Représenter le prophète

La réaction de beaucoup devant les réticences d’élèves à se déclarer solidaires de la minute de silence consiste simplement à dire qu’il y a encore beaucoup d’explications à donner et de cours sur la laïcité à faire. Cependant, ce n’est pas parce que des élèves n’ont pas les mots exacts pour décrire leur gêne face aux représentations du prophète qu’il ne faut pas chercher à comprendre ce qu’ils ressentent eux qui sont également le reflet de leur milieu familial. C’est aussi à nous à mieux adapter notre comportement collectif face à leur attitude.
En France, la liberté d’expression ne met juridiquement aucun obstacle à la moquerie vis-à-vis des symboles religieux. Comme la situation française est issue du long combat entre l’Église catholique et la République, la tradition de la libre-pensée a le plus souvent été anticléricale. Il n’y a pas si longtemps, on « bouffait du curé » et on imitait le cri du corbeau quand un prêtre passait en soutane. Aujourd’hui, les choses se sont calmées et se moquer du pape, des évêques, détourner des scènes de la vie du Christ ne choque plus que les catholiques intégristes, indispose tout au plus la grande masse des catholiques et laisse indifférente ceux d’origine catholique, qui forment d’ailleurs une masse bien plus importante numériquement. Sur ce terrain de la défense de la liberté de pensée, la domination culturelle est du côté des manifestants du 11 janvier comme l’a montré l’ampleur du rassemblement qui avait d’ailleurs des allures de contre-manif pour tous.
Pour ce courant qui a peut-être fait le gros des manifestants, il semble normal en France de se moquer de l’Église car elle a été certainement, et est peut-être encore dans certains milieux, une force obscurantiste. Se moquer, c’est une arme contre des personnes bien précises qui au nom de leur vision de la religion, refusent l’égalité homme/femme ou récemment, le mariage pour tous.
Mais quelle lutte est envisageable contre l’Islam en France puisque se moquer est une arme ? On peut avoir l’impression que le réflexe de la moquerie contre l’Islam s’est développé en suivant un faux parallélisme. On a estimé que puisque les croyants peuvent être moqués en France, et qu’il est politiquement utile de le faire si on est du parti de Voltaire, cette arme pouvait être pratiquée à l’encontre d’autres croyants, en particulier vis-à-vis des musulmans qui, même en France, ne respectent pas la liberté d’opinion puisqu’ils ne supportent pas la moquerie à leur égard.

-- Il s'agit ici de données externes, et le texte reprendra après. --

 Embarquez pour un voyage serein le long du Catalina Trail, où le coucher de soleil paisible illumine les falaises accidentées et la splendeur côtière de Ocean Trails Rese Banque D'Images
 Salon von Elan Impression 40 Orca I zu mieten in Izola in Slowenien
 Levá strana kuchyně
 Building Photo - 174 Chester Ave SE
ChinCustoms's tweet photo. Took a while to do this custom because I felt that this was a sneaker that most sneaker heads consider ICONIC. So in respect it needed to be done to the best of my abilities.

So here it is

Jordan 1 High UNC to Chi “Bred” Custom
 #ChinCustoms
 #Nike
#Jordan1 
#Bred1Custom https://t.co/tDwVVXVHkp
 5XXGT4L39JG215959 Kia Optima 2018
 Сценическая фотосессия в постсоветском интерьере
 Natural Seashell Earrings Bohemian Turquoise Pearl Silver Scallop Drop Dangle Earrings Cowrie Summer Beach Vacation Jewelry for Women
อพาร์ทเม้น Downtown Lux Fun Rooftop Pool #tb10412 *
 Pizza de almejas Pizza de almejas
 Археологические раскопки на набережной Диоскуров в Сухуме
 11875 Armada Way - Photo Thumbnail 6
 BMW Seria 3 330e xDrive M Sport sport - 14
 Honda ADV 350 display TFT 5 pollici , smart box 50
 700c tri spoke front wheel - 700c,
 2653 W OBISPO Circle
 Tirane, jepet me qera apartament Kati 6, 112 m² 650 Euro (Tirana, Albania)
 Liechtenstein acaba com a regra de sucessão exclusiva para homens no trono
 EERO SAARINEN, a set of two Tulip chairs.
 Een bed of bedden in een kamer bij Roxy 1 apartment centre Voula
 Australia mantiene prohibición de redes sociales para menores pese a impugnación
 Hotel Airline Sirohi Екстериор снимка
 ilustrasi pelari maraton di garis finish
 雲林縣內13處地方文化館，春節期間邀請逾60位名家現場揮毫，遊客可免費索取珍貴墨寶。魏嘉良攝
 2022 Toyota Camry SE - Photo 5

C’est se tromper de combat : beaucoup de croyants musulmans français acceptent la liberté d’opinion si elle concerne la politique, mais ils sont musulmans et, selon leur sentiment général, ils pensent que l’Islam est une religion qui refuse la représentation de la divinité et de son prophète. Si on lit attentivement le Coran, on découvrira peut-être que ce n’est qu’une croyance fausse ou subalterne mais peu importe, eux le croient. Pourquoi commettre un acte (représenter le prophète) qui les agresse dans leurs convictions profondes ? Quelle est la raison politique suffisante qui pousse à s’en prendre à ces personnes précises qui nous entourent ?
C’est se tromper de combat et appliquer le réflexe anticlérical à des milieux qui ne cherchent pas à lutter contre nous. Peut-être dira-t-on, mais ils refusent le principe d’égalité des hommes et des femmes et la liberté de conscience qui sont les nôtres et il faut qu’ils les respectent. C’est confondre une lutte politique entre l’Église et la République et une acculturation qui ne peut se faire de force, en utilisant les armes de la moquerie. L’intégration se fera par l’école à la condition de lutter en même temps contre l’exclusion.
Toute communauté nationale ne peut trouver son équilibre que si elle cultive le vouloir-vivre ensemble dont une des composantes est le respect de l’autre, de celui qui vit avec nous. Ce qui est juridiquement autorisé n’est pas toujours politiquement souhaitable, au sens noble de la politique, affaire de la cité.